Understanding String, str, and UTF-8 byte arrays in Rust
Hey there! Ever wonder how we’ve managed to squeeze every language from the intricate scripts of Mandarin to the hieroglyphs of ancient…
Hey there! Ever wonder how we’ve managed to squeeze every language from the intricate scripts of Mandarin to the hieroglyphs of ancient Egypt onto our digital screens? Or how a simple emoji can travel unscathed from a phone in Tokyo to a laptop in Buenos Aires? Well, the hero behind this linguistic harmony is something called Unicode. It’s like the Rosetta Stone of the digital age, and it’s pretty darn cool.
Now, if you’re dipping your toes into the ocean of coding, especially in a language like Rust, you’ll find that handling text data isn’t just about stringing letters together. We’ve got to talk about String
, str
, and those UTF-8 byte arrays—believe me, they're the backbone of text manipulation. It might sound like alphabet soup right now, but hang tight. We're about to unravel this mystery together, making it as easy as pie (or should I say, as simple as 'println!' in Rust?).
So, get your geek hat on, and let’s decode these concepts, pun intended!
Understanding UTF-8
UTF-8 stands for “Unicode Transformation Format — 8 bits”. It is a method for encoding Unicode characters as a sequence of bytes that is both space-efficient and backward compatible with ASCII. Here’s a detailed look at UTF-8 and how it represents data.
Unicode is a comprehensive character encoding system designed to represent text from languages around the world. It’s a universal standard that includes characters, symbols, and emojis, ensuring consistent encoding, representation, and handling of text across different digital platforms and systems. Here’s an in-depth look at Unicode:
Goals of Unicode
- Universality: To provide a unique number (code point) for every character, regardless of platform, program, or language.
- Efficiency: To support the efficient storage and transmission of text.

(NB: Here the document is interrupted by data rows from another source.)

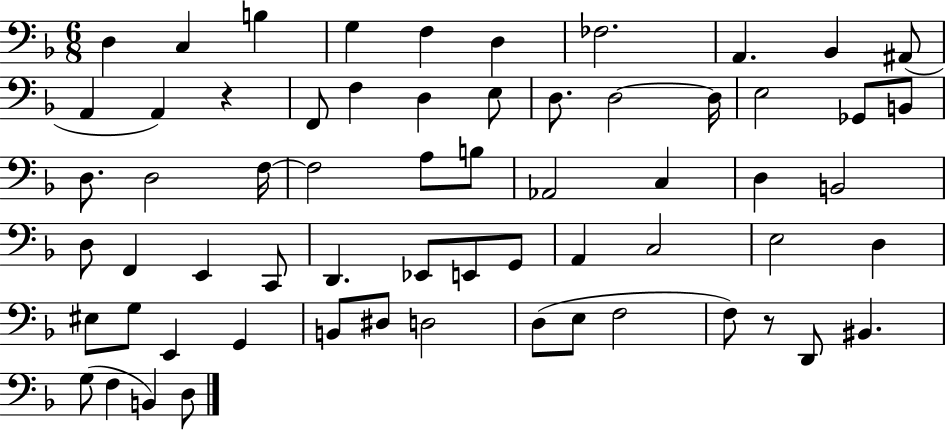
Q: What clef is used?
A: bass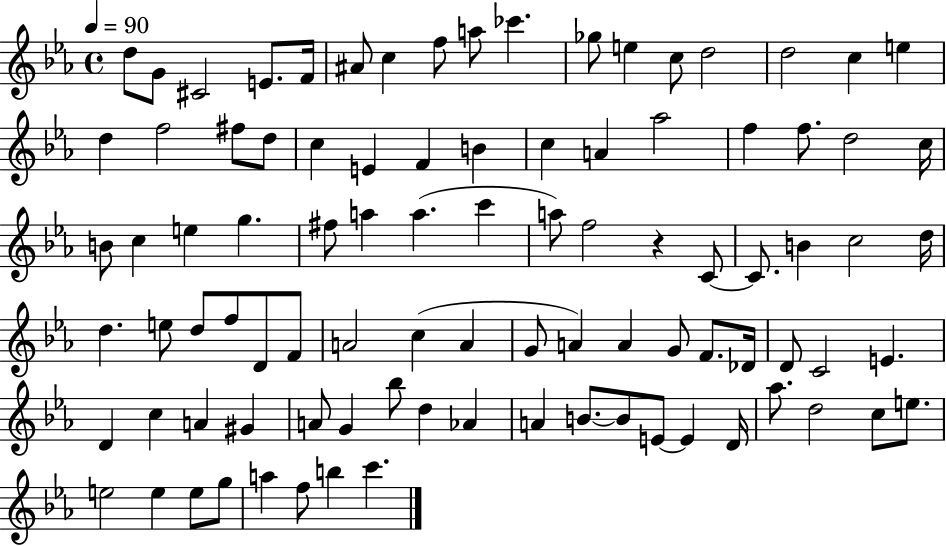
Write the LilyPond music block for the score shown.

{
  \clef treble
  \time 4/4
  \defaultTimeSignature
  \key ees \major
  \tempo 4 = 90
  d''8 g'8 cis'2 e'8. f'16 | ais'8 c''4 f''8 a''8 ces'''4. | ges''8 e''4 c''8 d''2 | d''2 c''4 e''4 | \break d''4 f''2 fis''8 d''8 | c''4 e'4 f'4 b'4 | c''4 a'4 aes''2 | f''4 f''8. d''2 c''16 | \break b'8 c''4 e''4 g''4. | fis''8 a''4 a''4.( c'''4 | a''8) f''2 r4 c'8~~ | c'8. b'4 c''2 d''16 | \break d''4. e''8 d''8 f''8 d'8 f'8 | a'2 c''4( a'4 | g'8 a'4) a'4 g'8 f'8. des'16 | d'8 c'2 e'4. | \break d'4 c''4 a'4 gis'4 | a'8 g'4 bes''8 d''4 aes'4 | a'4 b'8.~~ b'8 e'8~~ e'4 d'16 | aes''8. d''2 c''8 e''8. | \break e''2 e''4 e''8 g''8 | a''4 f''8 b''4 c'''4. | \bar "|."
}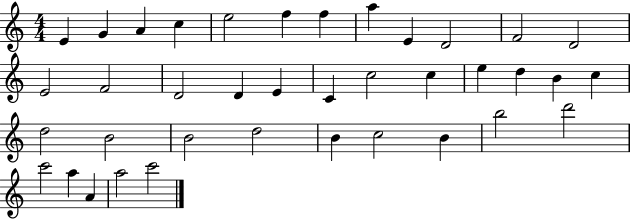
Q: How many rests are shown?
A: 0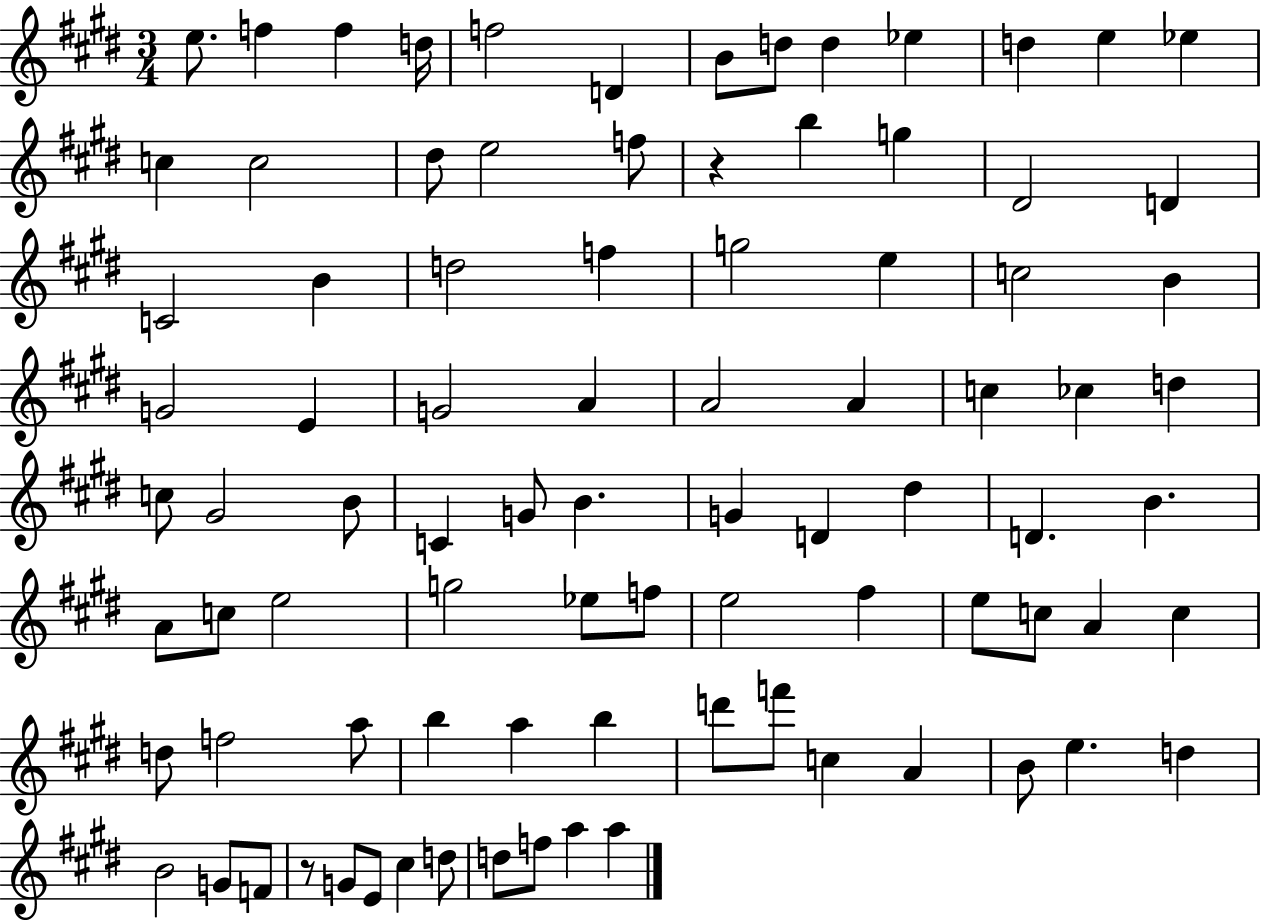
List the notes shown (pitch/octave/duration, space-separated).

E5/e. F5/q F5/q D5/s F5/h D4/q B4/e D5/e D5/q Eb5/q D5/q E5/q Eb5/q C5/q C5/h D#5/e E5/h F5/e R/q B5/q G5/q D#4/h D4/q C4/h B4/q D5/h F5/q G5/h E5/q C5/h B4/q G4/h E4/q G4/h A4/q A4/h A4/q C5/q CES5/q D5/q C5/e G#4/h B4/e C4/q G4/e B4/q. G4/q D4/q D#5/q D4/q. B4/q. A4/e C5/e E5/h G5/h Eb5/e F5/e E5/h F#5/q E5/e C5/e A4/q C5/q D5/e F5/h A5/e B5/q A5/q B5/q D6/e F6/e C5/q A4/q B4/e E5/q. D5/q B4/h G4/e F4/e R/e G4/e E4/e C#5/q D5/e D5/e F5/e A5/q A5/q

- Unification: To unify different language encoding schemes, which helps to avoid confusion and errors in text processing.
Code Points and Planes
- Code Points: In Unicode, each character (including letters, symbols, control characters, etc.) is assigned a unique “code point”. A code point is essentially an integer value that maps to a particular character. For example, the character ‘A’ has a code point of U+0041, where “U+” signifies a Unicode code point, and “0041” is a hexadecimal number representing the character.

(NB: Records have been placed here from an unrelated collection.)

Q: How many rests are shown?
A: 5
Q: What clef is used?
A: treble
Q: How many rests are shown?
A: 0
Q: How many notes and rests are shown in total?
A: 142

- Planes: Unicode characters are divided into 17 “planes”, each containing 65,536 code points. The first plane (Plane 0), known as the Basic Multilingual Plane (BMP), contains the most commonly used characters. The other planes (1 through 16) are called “supplementary planes” and include less common, historical, and specialized characters.
Encoding Forms
Unicode defines several encoding forms that determine how code points are mapped into byte sequences:
- UTF-32/UCS-4: A fixed-length encoding using 32 bits for each Unicode code point. It’s simple but not space-efficient because it always uses four bytes, even for ASCII characters that need only one byte.
- UTF-16: A variable-length encoding that uses 2 bytes for characters in the BMP and 4 bytes for characters in the supplementary planes. It’s more space-efficient than UTF-32 but still uses more space than necessary for ASCII characters.
- UTF-8: As explained earlier, UTF-8 is a variable-width encoding that uses 1 to 4 bytes per code point. It’s the most space-efficient for texts primarily composed of ASCII characters, which is why it’s widely used on the internet.
Why do we use UTF-8 and not UTF-16 or UTF-32?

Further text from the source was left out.